La ciudad de Ómnibus

La lectura de la ciudad en “Ómnibus”,  que se manifiesta a través de la voz del narrador,  posee caracteres cartográficos. La narración va de la mano de la mención de lugares específicos y de traslados cotidianos que un usuario de la ciudad  realiza cuando la recorre. A medida que se van nombrando esos lugares y que se avanza entre ellos se construye un mapa del mismo.

Michelle De Certeau ha abundado en la reflexión que vincula el hacer cotidiano con los espacios; el autor señala al respecto:

Todo relato es un relato de viaje, una práctica del espacio. Por esta razón tiene importancia para las prácticas cotidianas; forma parte de éstas, desde el abecedario de la indicación espacial,…comienza un relato cuyos pasos escriben la continuación, hasta las noticias de cada día,…Estas aventuras narradas, que de una sola vez producen geografías de acciones y derivan hacia los lugares comunes de un orden, no constituyen solamente un “suplemento” de las enunciaciones peatonales y las retóricas caminantes. No se limitan a desplazarlas y trasladarlas al campo del lenguaje. En realidad, organizan los andares. Hacen el viaje, antes o al mismo tiempo que los pies lo ejecutan. (De Certeau (1990) 2000:128)

 

Efectivamente, “Ómnibus” se consolida como relato en el que se ordena el andar a través del desplazamiento del autobús por una ruta pre-establecida. Sin embargo el recorrido al mismo tiempo que se realiza construye una época precisa, de una ciudad concreta con unos habitantes específicos que reaccionan ante hechos y espacios y que se van modelando al unísono del desarrollo argumental.
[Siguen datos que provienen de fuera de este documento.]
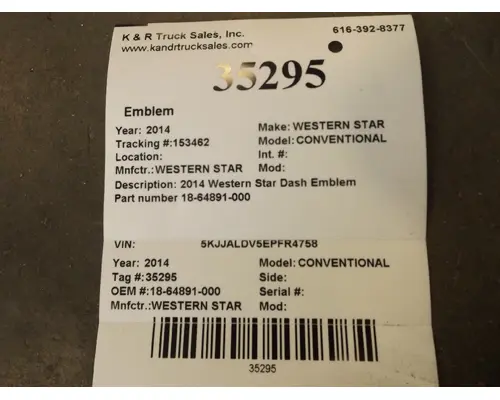WESTERN STAR 4900 Body Parts, Misc.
   El texto está cargado de  elementos que funcionan como indicios significativos.  Partimos del título del relato: Ómnibus,  sustantivo de origen latino que significa “para todos” y alude a un medio de transporte en que campea lo impersonal.  Contrariamente a lo que acontece en los medios de transporte colectivos en donde hay que registrar nombres y bienes de los viajeros, el ómnibus remite a lo anónimo; enfatiza el hecho de que se trate de un medio de transporte colectivo común y uniforme dentro del esquema de vida de la ciudad.  Más adelante, incluso, se le identificará como “el 168”, modo en que se nombra  al autobús según la ruta que recorre y que lo inserta en el código propiamente urbano.
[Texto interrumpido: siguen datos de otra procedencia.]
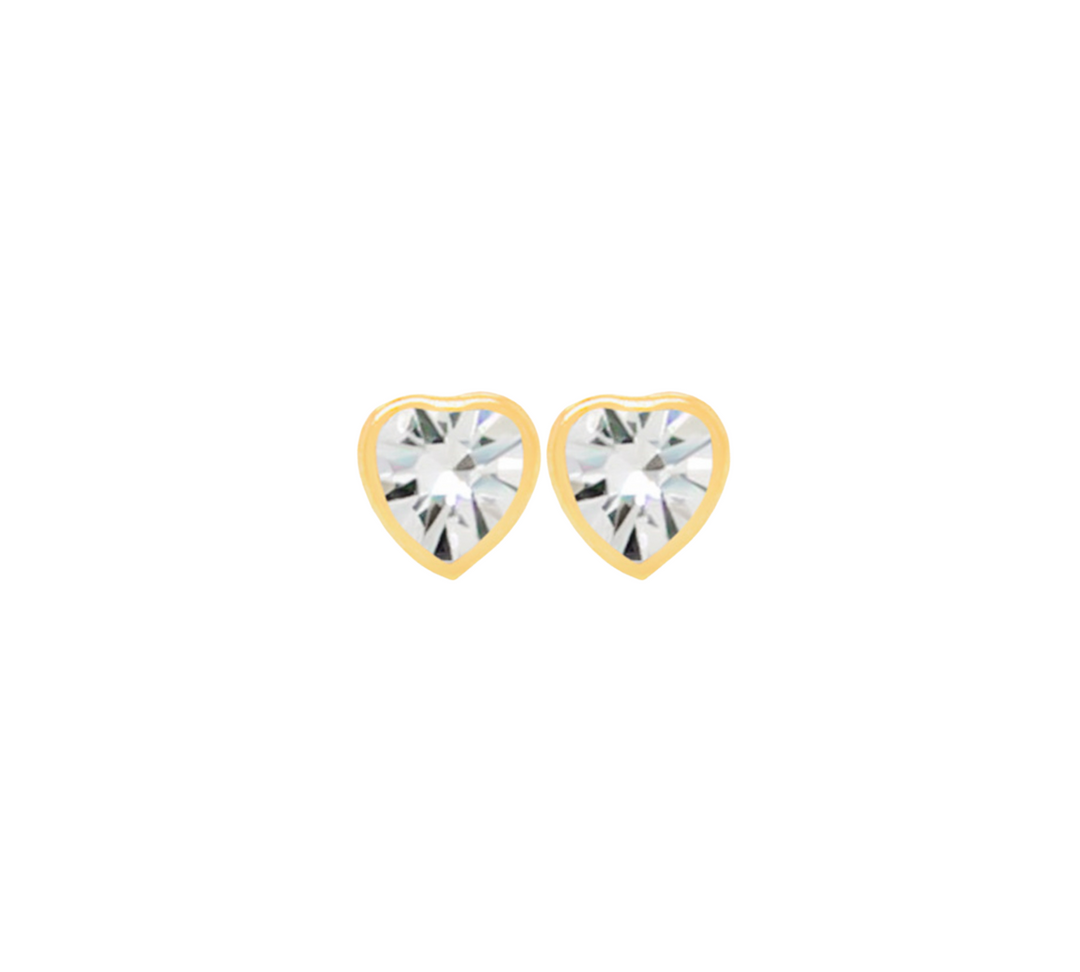 4mm Mini Heart CZ Earrings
  El primer dato que permite situarse temporal y espacialmente al lector es la alusión  El Hogar; se trataba de una revista de finales de los años cuarenta  editada en Argentina que contenía temas afines a las amas de casa de entonces (cocina, decoración, jardinería, tejido, costura, etc). Antes de salir, Clara, la protagonista, lleva la encomienda de comprar la revista y llevársela a la señora de la casa. Se encuentra Villa del Parque, que es un barrio de Buenos Aires ubicado en la zona norte de la ciudad. En los años cincuenta era un sector de clase media compuesta por empleados y pequeños artesanos. Villa del Parque está a unos diez kilómetros del Centro de la ciudad, lugar al que se dirige el ómnibus.
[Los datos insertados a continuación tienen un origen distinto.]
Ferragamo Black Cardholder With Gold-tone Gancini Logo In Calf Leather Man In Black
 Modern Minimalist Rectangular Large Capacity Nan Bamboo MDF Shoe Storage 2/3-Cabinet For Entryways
   A medida que transcurre el relato y que todos los hechos se desencadenan en el colectivo, éste se convierte en un micro-universo al que concurre también lo absurdo como expresión de lo fantástico. Que los pasajeros lleven flores puede interpretarse como una norma, frente a la trasgresión de no portarlas.   Esto se realza de tal forma que incluso la manera en que el narrador identifica a los pasajeros será en función del ramo que llevan en sus manos: “Ocupada en guardar su boleto en el monedero, observó de reojo a la señora del gran ramo de claveles que viajaba en el asiento de delante” o bien  “A dos centímetros de su cara estaban los ojos de un viejo de cuello duro, con un ramo de margaritas componiendo un olor casi nauseabundo”; “El señor de la tercera ventanilla (la estaba mirando, ahora no, ahora de nuevo) llevaba claveles casi negros apretados en una sola masa continua, como una piel rugosa.  Las dos muchachitas de nariz cruel que se sentaban adelante en uno de los asientos laterales sostenían entre ambas el ramo de los pobres, crisantemos y dalias,...”(Cortázar, (1951) 2000: 127).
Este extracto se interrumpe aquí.